3. Our Sun is a stable, long-lasting, and metal-rich star
Our Sun is the most important source of energy for life on Earth. It’s also a stable and long-lasting star.
Stars more massive than the Sun live shorter, usually not long enough for planets to develop life. In general, the larger a star, the shorter its life.
All but the most massive stars live for billions of years. But, the largest stars, known as hypergiants, have lifetimes of only a few million years.
Less massive (such as red dwarfs), or younger stars are often unstable. They are prone to blasting their planets with bursts of radiation.

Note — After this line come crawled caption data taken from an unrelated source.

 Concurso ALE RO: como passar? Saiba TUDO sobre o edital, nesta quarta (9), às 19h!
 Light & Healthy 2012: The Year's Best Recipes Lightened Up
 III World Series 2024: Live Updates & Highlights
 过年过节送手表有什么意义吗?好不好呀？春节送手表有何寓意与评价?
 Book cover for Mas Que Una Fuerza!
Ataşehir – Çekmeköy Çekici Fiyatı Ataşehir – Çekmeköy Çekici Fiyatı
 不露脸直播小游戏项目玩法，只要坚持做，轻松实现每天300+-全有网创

The Sun is also unusually metal-rich for a star of its age and type. One possibility is that the Sun formed in a part of the Milky Way Galaxy that had an abundance of metals and then migrated to its current position.
Metal-rich stars are more likely to have planets orbiting around them. Observational data suggest that the Earth-like planets likely formed from circumstellar disks with metallicities Z > 0.1 Z_Sun (study).

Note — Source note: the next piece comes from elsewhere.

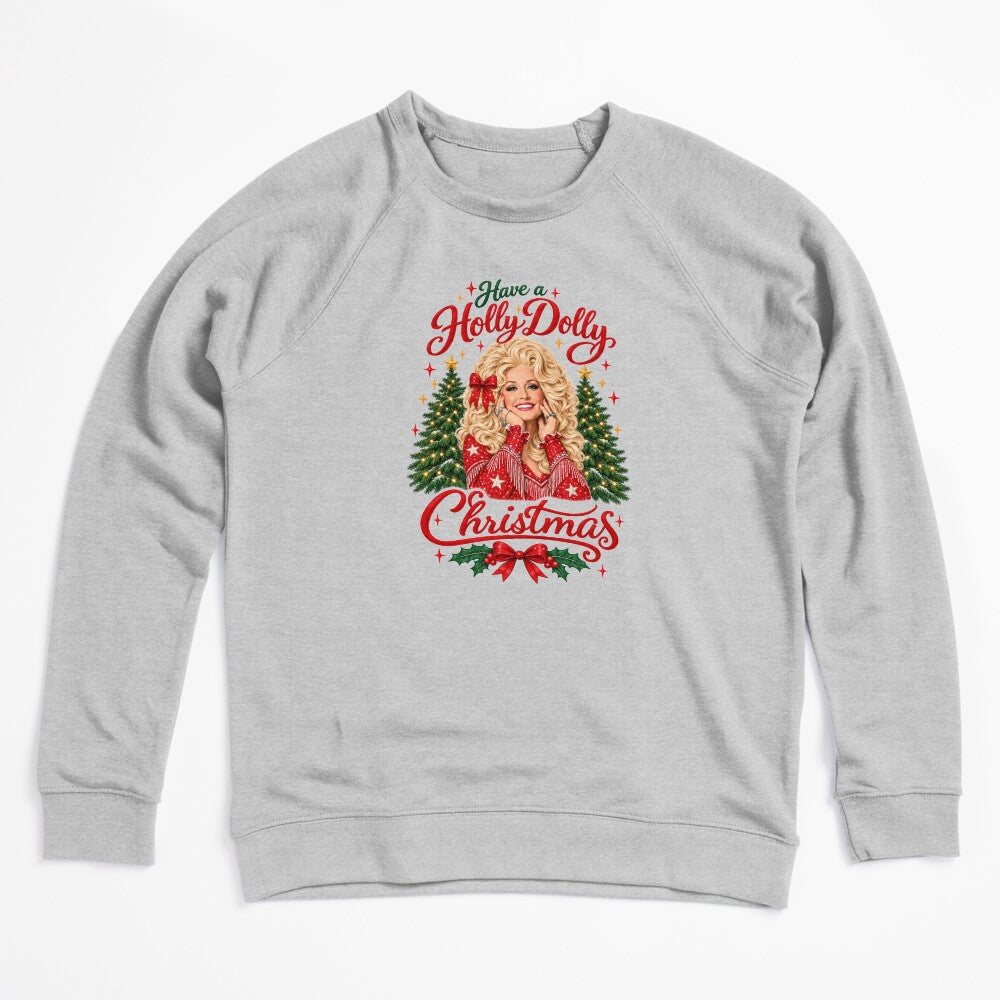 Have A Holly Dolly Christmas Holiday Shirt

Furthermore, all life forms require certain core chemical elements needed for biochemical functioning. These include carbon, hydrogen, nitrogen, oxygen, phosphorus, and sulfur, often represented by the acronym CHNOPS. Our solar system contains a lot of these metals (all elements heavier than hydrogen and helium called metals in astronomy).
4. The Earth is just at the right distance from the Sun
The Earth receives enough energy from the Sun to allow water to exist as a liquid on the surface.
If it was too close, the Earth would be too hot. It would lose all the oceans. They would basically boil and steam away.
If it is too far, then the oceans would freeze over. You want that big sort of ocean reservoir at the surface which happens when you’re kind of in the middle.
The Earth is in the middle of which is called the habitable zone or Goldilocks zone.
The Goldilocks principle is named by analogy to the children’s story, The Three Bears, in which a little girl named Goldilocks tastes three different bowls of porridge, and she finds that she prefers porridge which is neither too hot nor too cold but has just the right temperature.
The Goldilocks principle states that something must fall within certain margins, as opposed to reaching extremes. In planetary science, the “Goldilocks zone” is the terminology for the band around a sun where temperatures are neither too hot nor too cold for liquid water to exist.
5. Jupiter and Saturn
According to simulations, without the two biggest gas giants in the Solar System, Jupiter, and Saturn, life may not have been able to gain a foothold on Earth.
Tom Barclay of NASA and his colleagues suggest that massive impacts like the one that was responsible for the formation of the moon 4.5 billion years ago would happen more frequently, and for longer time periods, without Jupiter and Saturn.
Scientists say because of the giant planets like Jupiter and Saturn, the remaining small solar system bodies were either ejected out of the system more quickly or became a part of the existing planets sooner, thanks to the angular momentum the gas giants add to the Solar System.
6. There’s water on Earth
Earth is a blue marble in space: the water gives our planet its blue color: about 71 percent of the Earth’s surface is covered with oceans and lakes.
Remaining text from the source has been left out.